== Data

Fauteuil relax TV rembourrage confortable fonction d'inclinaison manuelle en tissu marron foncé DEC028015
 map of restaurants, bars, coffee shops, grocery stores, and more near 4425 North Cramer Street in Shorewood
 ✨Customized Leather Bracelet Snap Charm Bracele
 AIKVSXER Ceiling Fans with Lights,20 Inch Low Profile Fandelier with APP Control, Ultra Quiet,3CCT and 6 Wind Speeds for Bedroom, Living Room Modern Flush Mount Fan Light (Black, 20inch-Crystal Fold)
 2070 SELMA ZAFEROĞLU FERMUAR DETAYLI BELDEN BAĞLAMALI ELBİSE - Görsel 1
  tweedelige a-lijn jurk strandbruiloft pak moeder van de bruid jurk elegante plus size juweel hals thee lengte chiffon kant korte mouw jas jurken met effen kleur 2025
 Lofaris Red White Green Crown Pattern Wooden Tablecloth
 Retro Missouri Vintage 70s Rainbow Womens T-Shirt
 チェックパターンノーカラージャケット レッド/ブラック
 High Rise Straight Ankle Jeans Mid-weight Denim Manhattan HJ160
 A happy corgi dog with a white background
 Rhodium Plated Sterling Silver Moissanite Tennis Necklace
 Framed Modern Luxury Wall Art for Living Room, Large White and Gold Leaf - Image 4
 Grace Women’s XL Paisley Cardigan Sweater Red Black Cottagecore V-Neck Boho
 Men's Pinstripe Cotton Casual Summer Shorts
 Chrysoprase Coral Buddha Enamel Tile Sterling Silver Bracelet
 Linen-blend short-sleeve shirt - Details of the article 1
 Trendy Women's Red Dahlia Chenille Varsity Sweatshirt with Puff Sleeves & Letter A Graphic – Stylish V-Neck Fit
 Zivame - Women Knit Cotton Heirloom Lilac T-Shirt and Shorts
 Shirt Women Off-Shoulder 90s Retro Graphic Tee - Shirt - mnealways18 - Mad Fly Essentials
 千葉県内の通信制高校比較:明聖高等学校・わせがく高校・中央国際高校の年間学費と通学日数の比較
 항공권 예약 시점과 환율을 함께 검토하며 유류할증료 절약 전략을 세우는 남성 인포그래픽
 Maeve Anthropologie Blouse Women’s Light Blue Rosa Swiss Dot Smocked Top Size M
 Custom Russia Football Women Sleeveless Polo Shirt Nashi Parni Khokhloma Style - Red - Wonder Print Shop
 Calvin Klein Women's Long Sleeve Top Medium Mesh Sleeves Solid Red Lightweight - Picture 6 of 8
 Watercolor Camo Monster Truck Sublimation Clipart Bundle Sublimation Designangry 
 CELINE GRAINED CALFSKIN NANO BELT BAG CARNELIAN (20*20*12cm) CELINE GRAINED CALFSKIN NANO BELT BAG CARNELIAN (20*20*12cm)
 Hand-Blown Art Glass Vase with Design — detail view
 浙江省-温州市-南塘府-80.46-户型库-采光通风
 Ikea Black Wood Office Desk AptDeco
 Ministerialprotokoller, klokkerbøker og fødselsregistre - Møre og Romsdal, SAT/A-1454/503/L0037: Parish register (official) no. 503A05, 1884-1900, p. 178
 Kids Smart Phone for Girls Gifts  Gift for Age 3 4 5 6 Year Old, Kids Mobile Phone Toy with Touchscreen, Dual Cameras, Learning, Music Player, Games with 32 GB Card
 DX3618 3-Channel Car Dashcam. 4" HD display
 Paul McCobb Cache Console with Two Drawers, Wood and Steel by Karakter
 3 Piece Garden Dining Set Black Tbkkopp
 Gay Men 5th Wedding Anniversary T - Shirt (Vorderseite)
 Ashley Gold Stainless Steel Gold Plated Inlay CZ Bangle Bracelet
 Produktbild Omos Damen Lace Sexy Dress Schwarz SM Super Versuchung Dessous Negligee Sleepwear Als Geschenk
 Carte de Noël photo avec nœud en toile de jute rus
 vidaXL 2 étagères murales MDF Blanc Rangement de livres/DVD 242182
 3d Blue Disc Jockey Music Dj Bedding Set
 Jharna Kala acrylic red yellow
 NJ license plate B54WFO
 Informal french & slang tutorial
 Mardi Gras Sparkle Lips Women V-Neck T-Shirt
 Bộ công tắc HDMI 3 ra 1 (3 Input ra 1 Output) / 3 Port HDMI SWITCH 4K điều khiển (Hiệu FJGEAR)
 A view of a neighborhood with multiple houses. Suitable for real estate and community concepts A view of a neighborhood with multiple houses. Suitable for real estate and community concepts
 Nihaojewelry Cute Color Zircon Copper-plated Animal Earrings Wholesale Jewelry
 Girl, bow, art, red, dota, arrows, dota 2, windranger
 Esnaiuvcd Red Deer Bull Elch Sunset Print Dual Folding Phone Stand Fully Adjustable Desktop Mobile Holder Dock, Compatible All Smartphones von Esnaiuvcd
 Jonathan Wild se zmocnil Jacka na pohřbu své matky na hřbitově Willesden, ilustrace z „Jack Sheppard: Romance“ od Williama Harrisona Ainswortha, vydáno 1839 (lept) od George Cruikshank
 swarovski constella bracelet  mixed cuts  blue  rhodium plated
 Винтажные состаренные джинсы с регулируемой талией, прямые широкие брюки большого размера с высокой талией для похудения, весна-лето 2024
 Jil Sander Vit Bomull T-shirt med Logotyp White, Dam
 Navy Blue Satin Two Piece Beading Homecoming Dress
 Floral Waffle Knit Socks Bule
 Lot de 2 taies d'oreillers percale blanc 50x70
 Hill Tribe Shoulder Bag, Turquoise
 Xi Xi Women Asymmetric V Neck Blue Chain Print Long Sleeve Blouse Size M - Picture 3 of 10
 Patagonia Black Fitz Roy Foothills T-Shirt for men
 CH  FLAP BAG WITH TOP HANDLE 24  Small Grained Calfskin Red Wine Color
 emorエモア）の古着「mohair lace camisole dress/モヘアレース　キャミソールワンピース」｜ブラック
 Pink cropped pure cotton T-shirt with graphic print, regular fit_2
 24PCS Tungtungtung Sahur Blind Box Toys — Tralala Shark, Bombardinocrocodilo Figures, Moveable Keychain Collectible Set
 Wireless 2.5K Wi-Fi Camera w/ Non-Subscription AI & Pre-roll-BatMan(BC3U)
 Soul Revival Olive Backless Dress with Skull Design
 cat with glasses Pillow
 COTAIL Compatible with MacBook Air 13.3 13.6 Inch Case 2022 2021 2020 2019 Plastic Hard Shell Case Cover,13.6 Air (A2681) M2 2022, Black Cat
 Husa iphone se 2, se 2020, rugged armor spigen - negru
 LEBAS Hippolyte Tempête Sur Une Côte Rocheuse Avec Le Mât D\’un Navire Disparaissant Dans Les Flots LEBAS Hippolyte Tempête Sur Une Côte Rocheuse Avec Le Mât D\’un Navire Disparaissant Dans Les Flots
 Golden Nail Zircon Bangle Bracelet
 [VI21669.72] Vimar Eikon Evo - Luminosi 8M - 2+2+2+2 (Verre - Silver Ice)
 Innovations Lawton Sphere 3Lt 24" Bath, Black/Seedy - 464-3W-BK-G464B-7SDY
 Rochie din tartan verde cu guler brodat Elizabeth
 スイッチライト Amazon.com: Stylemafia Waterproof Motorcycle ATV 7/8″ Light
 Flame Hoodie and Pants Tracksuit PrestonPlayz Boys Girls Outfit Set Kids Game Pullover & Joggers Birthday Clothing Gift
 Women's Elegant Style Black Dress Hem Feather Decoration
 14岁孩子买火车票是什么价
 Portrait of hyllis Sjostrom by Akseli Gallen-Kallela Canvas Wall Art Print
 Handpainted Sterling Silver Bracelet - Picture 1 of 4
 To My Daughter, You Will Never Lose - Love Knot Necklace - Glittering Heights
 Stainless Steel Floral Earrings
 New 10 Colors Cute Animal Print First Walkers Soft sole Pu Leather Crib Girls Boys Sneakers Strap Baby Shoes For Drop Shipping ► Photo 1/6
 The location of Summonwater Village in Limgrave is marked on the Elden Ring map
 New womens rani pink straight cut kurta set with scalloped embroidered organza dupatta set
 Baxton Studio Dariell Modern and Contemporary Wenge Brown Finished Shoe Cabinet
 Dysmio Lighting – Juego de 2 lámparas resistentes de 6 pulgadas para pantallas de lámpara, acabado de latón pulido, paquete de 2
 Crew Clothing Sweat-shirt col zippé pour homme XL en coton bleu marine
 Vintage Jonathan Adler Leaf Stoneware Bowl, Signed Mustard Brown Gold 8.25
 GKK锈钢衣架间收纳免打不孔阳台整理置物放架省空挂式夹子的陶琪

====

Exercise details
Reproduce the entries exactly, starting at their first line and stopping after the line with "Framed Modern Luxury".

The completed task
Fauteuil relax TV rembourrage confortable fonction d'inclinaison manuelle en tissu marron foncé DEC028015
 map of restaurants, bars, coffee shops, grocery stores, and more near 4425 North Cramer Street in Shorewood
 ✨Customized Leather Bracelet Snap Charm Bracele
 AIKVSXER Ceiling Fans with Lights,20 Inch Low Profile Fandelier with APP Control, Ultra Quiet,3CCT and 6 Wind Speeds for Bedroom, Living Room Modern Flush Mount Fan Light (Black, 20inch-Crystal Fold)
 2070 SELMA ZAFEROĞLU FERMUAR DETAYLI BELDEN BAĞLAMALI ELBİSE - Görsel 1
  tweedelige a-lijn jurk strandbruiloft pak moeder van de bruid jurk elegante plus size juweel hals thee lengte chiffon kant korte mouw jas jurken met effen kleur 2025
 Lofaris Red White Green Crown Pattern Wooden Tablecloth
 Retro Missouri Vintage 70s Rainbow Womens T-Shirt
 チェックパターンノーカラージャケット レッド/ブラック
 High Rise Straight Ankle Jeans Mid-weight Denim Manhattan HJ160
 A happy corgi dog with a white background
 Rhodium Plated Sterling Silver Moissanite Tennis Necklace
 Framed Modern Luxury Wall Art for Living Room, Large White and Gold Leaf - Image 4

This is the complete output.